How to Answer “Walk me through a comparable company analysis (trading comps).” in Investment Banking Interviews
“Walk me through a comparable company analysis (trading comps).” is a core prompt in comparable company analysis interview prep and one of the most common trading comps interview questions for Investment Banking analyst roles. Interviewers want to hear a clean, repeatable process—not a data dump.
A strong answer explains how you choose peers, what multiples you use and why, how you translate multiples into an implied valuation range, and how you sanity-check the output against the business model and market context.

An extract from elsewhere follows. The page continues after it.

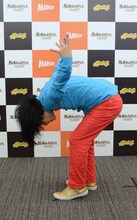 おなじみの歌ネタを披露する永野。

What Interviewers Test in Trading Comps Interview Questions
In investment banking technical questions like this, interviewers are assessing whether you can turn a messy market landscape into a defensible peer set. That means understanding what “comparable” actually implies (business model, growth, margins, risk, accounting, and capital structure), not just matching an industry label.
They’re also testing valuation judgment: selecting the right multiples (e.g., EV/EBITDA vs EV/Revenue vs P/E), making appropriate adjustments (NRI, leases, minority interests, one-offs), and explaining why the chosen metric fits the company’s economics. This is a practical extension of valuation techniques interview prep—linking market pricing to fundamentals.
Finally, they’re testing communication under time pressure. In interviews, you rarely have a full spreadsheet; you must articulate the steps, key checks, and typical pitfalls in a way that sounds like you could execute it in a live deal or in financial modeling interview questions that require quick implied value math.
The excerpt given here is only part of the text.